What is required: Using the listing below, please print exactly the lines from the one with "Blusa de micro" through the one with "cookbook recipe templates". Leave out every picture.

Dataset:

—————

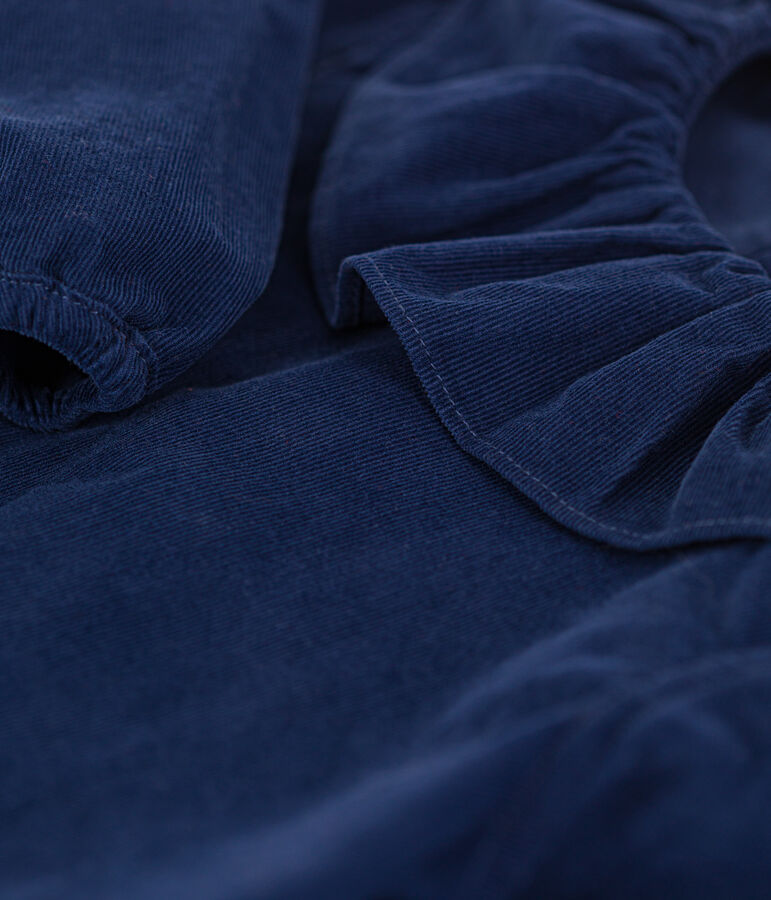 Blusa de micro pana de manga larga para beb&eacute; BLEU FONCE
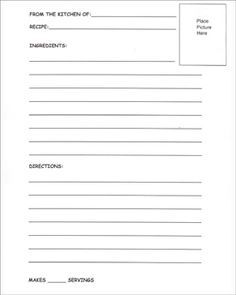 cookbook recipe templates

—————

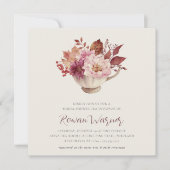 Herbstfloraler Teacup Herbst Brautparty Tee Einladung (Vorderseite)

—————

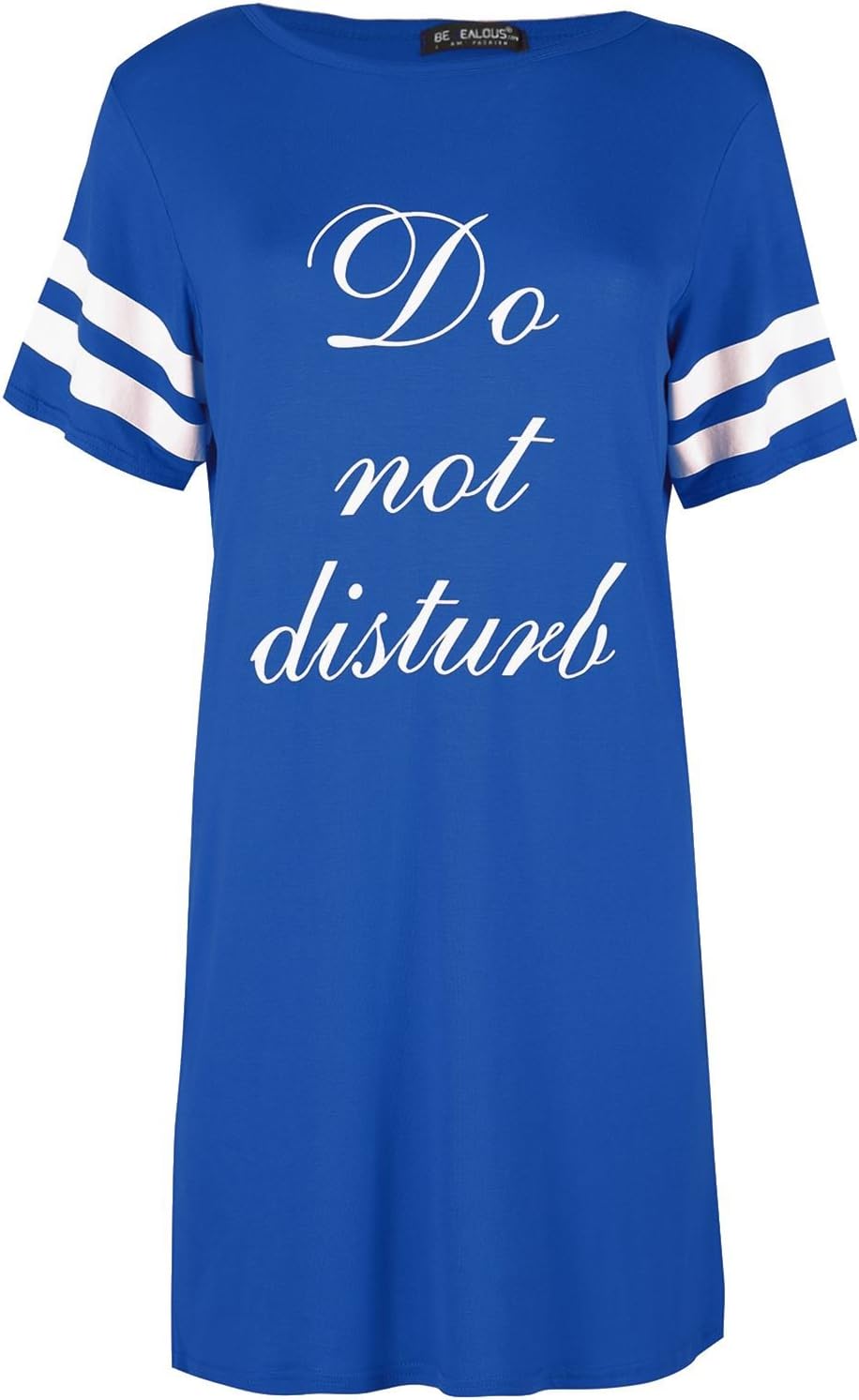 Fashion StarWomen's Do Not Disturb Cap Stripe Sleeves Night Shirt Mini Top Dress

—————

Answer to the exercise:
 Blusa de micro pana de manga larga para beb&eacute; BLEU FONCE
 cookbook recipe templates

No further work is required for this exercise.